(Material for this exercise Opens)

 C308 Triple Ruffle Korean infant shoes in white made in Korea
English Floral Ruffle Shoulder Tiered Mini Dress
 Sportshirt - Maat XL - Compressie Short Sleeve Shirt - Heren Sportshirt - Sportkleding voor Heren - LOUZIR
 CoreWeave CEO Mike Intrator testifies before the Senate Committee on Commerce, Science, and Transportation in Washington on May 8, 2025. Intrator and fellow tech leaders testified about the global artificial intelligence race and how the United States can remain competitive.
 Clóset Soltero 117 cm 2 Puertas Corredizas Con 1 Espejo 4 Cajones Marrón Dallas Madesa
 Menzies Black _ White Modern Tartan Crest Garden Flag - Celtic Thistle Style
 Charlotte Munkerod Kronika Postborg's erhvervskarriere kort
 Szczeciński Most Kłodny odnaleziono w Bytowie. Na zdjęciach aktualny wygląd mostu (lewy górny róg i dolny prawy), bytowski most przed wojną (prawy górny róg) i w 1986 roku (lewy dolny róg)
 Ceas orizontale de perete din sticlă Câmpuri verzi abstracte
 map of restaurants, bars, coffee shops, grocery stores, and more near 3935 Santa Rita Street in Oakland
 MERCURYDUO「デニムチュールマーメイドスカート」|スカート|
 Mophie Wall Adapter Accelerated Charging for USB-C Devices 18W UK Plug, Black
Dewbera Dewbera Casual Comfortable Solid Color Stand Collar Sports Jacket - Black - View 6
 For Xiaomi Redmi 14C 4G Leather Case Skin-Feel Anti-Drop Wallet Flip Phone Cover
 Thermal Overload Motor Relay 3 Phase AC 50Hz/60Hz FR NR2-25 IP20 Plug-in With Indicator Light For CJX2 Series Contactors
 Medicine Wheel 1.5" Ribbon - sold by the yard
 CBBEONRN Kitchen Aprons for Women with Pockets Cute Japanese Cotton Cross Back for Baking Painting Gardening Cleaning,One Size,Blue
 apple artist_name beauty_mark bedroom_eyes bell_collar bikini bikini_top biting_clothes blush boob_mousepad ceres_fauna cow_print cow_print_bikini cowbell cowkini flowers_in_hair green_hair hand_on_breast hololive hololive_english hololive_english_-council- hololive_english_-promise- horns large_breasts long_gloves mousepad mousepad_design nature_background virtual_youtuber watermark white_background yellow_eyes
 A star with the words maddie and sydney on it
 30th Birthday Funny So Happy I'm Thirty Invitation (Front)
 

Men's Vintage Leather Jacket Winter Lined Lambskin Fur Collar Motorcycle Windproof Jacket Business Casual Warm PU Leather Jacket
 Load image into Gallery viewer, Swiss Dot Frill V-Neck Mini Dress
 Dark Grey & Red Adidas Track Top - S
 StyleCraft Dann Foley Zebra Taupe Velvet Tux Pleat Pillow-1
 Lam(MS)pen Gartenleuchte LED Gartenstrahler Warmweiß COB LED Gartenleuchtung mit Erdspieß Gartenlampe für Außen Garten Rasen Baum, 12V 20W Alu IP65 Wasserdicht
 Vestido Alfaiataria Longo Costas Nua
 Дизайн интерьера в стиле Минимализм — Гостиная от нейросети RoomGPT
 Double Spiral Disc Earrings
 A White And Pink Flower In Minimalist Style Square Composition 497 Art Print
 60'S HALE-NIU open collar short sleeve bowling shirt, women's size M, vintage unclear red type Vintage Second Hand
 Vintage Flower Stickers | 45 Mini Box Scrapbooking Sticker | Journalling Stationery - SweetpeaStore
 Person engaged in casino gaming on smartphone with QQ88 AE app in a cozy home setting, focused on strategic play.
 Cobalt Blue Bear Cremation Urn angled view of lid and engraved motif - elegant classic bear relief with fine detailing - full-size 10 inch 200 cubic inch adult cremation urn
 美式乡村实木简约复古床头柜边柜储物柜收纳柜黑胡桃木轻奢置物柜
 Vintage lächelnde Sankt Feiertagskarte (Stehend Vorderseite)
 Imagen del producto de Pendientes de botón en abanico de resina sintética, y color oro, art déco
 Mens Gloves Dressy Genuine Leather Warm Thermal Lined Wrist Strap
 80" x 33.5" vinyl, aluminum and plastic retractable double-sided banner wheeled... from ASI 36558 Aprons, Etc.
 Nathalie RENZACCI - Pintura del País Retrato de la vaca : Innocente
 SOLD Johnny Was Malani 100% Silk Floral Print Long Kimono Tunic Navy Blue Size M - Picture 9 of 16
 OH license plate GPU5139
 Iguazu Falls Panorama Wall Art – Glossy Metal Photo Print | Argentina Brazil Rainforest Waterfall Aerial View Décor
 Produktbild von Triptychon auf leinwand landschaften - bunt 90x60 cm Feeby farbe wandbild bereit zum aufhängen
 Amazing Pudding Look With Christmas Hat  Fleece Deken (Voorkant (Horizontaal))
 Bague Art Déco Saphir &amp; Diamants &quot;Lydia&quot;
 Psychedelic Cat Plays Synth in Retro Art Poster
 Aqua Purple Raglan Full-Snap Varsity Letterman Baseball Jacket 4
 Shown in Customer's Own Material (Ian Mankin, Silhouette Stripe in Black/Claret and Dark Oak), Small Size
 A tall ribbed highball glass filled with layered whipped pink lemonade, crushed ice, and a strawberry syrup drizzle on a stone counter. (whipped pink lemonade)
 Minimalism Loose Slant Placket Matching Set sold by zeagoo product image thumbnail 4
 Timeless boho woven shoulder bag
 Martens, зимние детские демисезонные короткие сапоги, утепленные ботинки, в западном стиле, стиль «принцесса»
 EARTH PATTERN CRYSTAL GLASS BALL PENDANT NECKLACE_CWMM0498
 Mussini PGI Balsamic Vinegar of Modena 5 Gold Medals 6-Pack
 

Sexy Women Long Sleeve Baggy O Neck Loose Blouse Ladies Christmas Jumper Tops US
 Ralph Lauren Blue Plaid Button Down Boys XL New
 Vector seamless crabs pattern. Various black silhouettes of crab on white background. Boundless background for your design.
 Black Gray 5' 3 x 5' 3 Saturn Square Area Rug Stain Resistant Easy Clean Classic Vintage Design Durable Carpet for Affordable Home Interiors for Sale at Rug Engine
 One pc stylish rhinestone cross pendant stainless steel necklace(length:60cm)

(Material for this exercise Closes)

__Work instruction__. Where the data above reaches the line holding "A White And", begin printing, and stop after the line holding "Amazing Pudding Look". Each line must be reproduced exactly, with nothing else added.

__Response area__.
 A White And Pink Flower In Minimalist Style Square Composition 497 Art Print
 60'S HALE-NIU open collar short sleeve bowling shirt, women's size M, vintage unclear red type Vintage Second Hand
 Vintage Flower Stickers | 45 Mini Box Scrapbooking Sticker | Journalling Stationery - SweetpeaStore
 Person engaged in casino gaming on smartphone with QQ88 AE app in a cozy home setting, focused on strategic play.
 Cobalt Blue Bear Cremation Urn angled view of lid and engraved motif - elegant classic bear relief with fine detailing - full-size 10 inch 200 cubic inch adult cremation urn
 美式乡村实木简约复古床头柜边柜储物柜收纳柜黑胡桃木轻奢置物柜
 Vintage lächelnde Sankt Feiertagskarte (Stehend Vorderseite)
 Imagen del producto de Pendientes de botón en abanico de resina sintética, y color oro, art déco
 Mens Gloves Dressy Genuine Leather Warm Thermal Lined Wrist Strap
 80" x 33.5" vinyl, aluminum and plastic retractable double-sided banner wheeled... from ASI 36558 Aprons, Etc.
 Nathalie RENZACCI - Pintura del País Retrato de la vaca : Innocente
 SOLD Johnny Was Malani 100% Silk Floral Print Long Kimono Tunic Navy Blue Size M - Picture 9 of 16
 OH license plate GPU5139
 Iguazu Falls Panorama Wall Art – Glossy Metal Photo Print | Argentina Brazil Rainforest Waterfall Aerial View Décor
 Produktbild von Triptychon auf leinwand landschaften - bunt 90x60 cm Feeby farbe wandbild bereit zum aufhängen
 Amazing Pudding Look With Christmas Hat  Fleece Deken (Voorkant (Horizontaal))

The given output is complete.